Indicates new/changed information.

    Advisory Circular (AC) 00-6, Aviation Weather for Pilots and Flight Operations Personnel.

    AC 00-24, Thunderstorms.

    AC 00-30, Atmospheric Turbulence Avoidance.

    AC 00-45, Aviation Weather Services.

    AC 00-54, Pilot Windshear Guide.

    AC 00-63, Use of Cockpit Displays of Digital Weather and Aeronautical Information.

    Federal Meteorological Handbook No. 1 (FMH-1).

3-2048    APPROVED WEATHER SOURCES. Title 14 CFR contains regulatory requirements for certificate holders and program managers to have adequate weather reporting facilities and to use approved sources of weather reports and forecasts to control flight operations. There are also requirements for certificate holders and program managers to have a system or method of obtaining reports and forecasts of adverse weather phenomena. Title 14 CFR typically refers to three sources of weather reporting facilities, weather reports, and weather forecasts.

A.    U.S. National Weather Service (NWS). The NWS provides weather, hydrologic, and climate forecasts and warnings for the United States, its territories, adjacent waters, and ocean areas. Operations outside of the jurisdiction of the NWS require a weather source approved by the Administrator (see Volume 3, Chapter 26, Section 2, subparagraphs 3-2073B and 3-2073C).

1)    The Weather Bureau. Some regulations contained in 14 CFR (e.g., part 121, 121.119) contain references to “the Weather Bureau.” After these regulations were written, the U.S. Weather Bureau became the NWS. The term “Weather Bureau” is not used in the present day; however, 14 CFR still contains the term in some instances. All references to “the Weather Bureau” are in fact referring to the NWS.
2)    The National Oceanic and Atmospheric Administration (NOAA). NOAA is a scientific agency within the U.S. Department of Commerce (DOC). NOAA focuses on the conditions of the ocean and the atmosphere. NOAA is comprised of several organizations referred to as “line offices.” The NWS is one such line office. Title 14 CFR does not refer to NOAA directly; however, the FAA considers information provided by NOAA as being the equivalent of that provided by the NWS for the purpose of satisfying the requirements of 14 CFR.

B.    Sources Approved by the NWS. The sources approved by the NWS are actually approved in agreement with, and maintained in collaboration with the FAA. The collaboration between the FAA and the NWS is outlined in the current edition of FAA Order 7000.2, FAA/NWS Memorandum of Understanding for Policy Agreements. The NWS/FAA-approved and/or maintained sources are listed below and are discussed further in Volume 3, Chapter 26, Section 2:

    NWS offices (including contract observatories).

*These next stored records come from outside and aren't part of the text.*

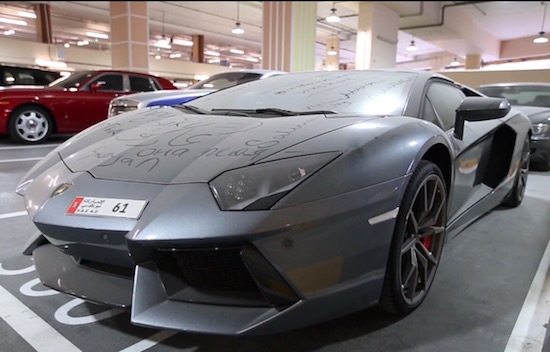 Is iemand zijn Lamborghini Aventador vergeten in Dubai?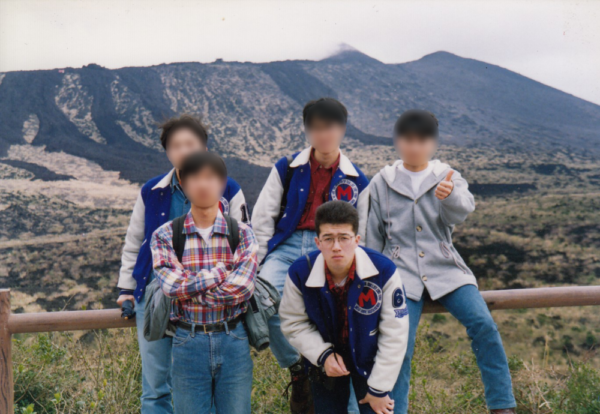 体同連剣道部の合宿で伊豆大島へ行かれた際のお写真。山を背景に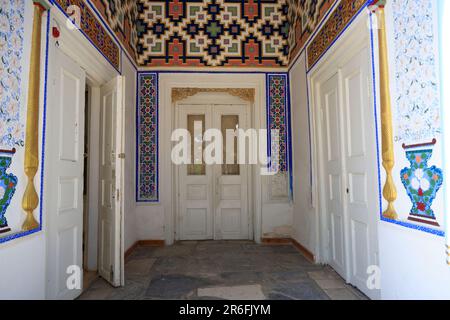 Entrée à l'un des bâtiments du Palais d'été de Boukhara, Ouzbékistan Banque D'Images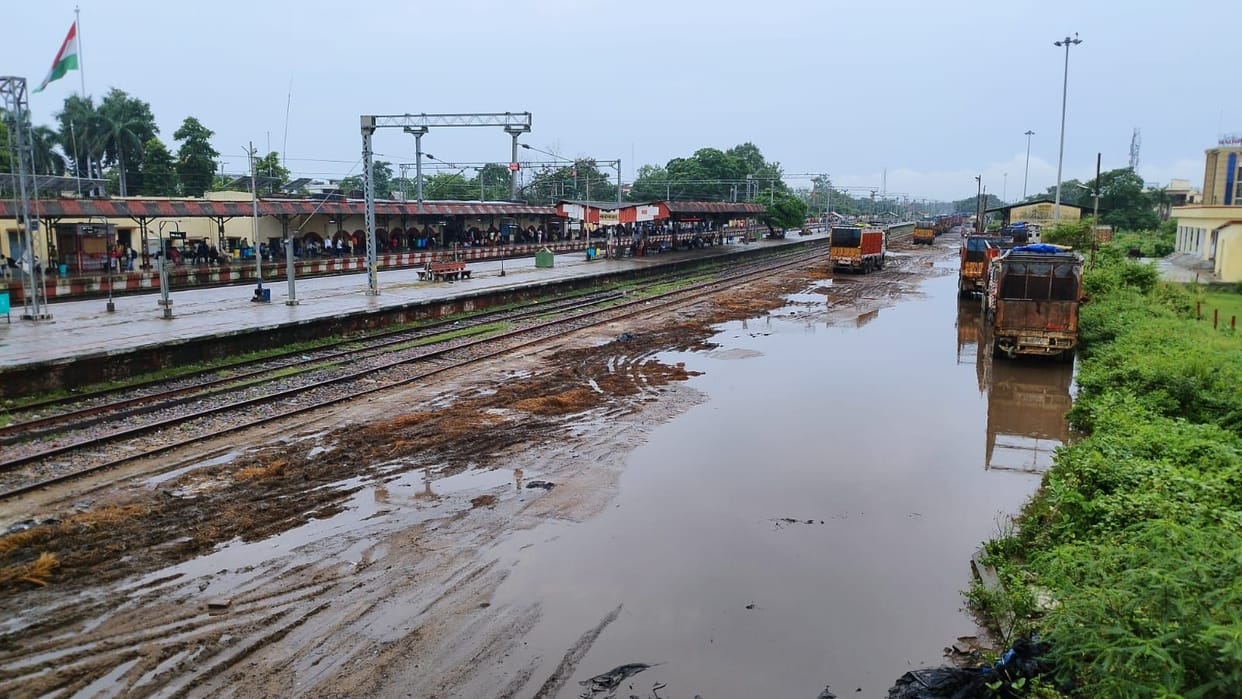 Lack of facilities at railway station, passengers are feeling small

    Flight Service Stations (FSS).

    Automated surface observing system (ASOS).

    Automated Weather Observing System (AWOS).

    Supplementary Aviation Weather Reporting System (SAWRS).

    Limited Aviation Weather Reporting Stations (LAWRS).

Indicates new/changed information.

    Non-Federal Observation (NF-OBS) Program.

C.    Sources Approved By the Administrator. Examples of sources approved by the Administrator appear below. Several of these sources are discussed in greater detail throughout this chapter:

    The NWS for those United States and its territories located outside of the 48 contiguous United States.

    U.S. and North Atlantic Treaty Organization (NATO) military observing and forecasting sources.

    Members of the World Meteorological Organization (WMO) (http://www.wmo.int/pages/index_en.html).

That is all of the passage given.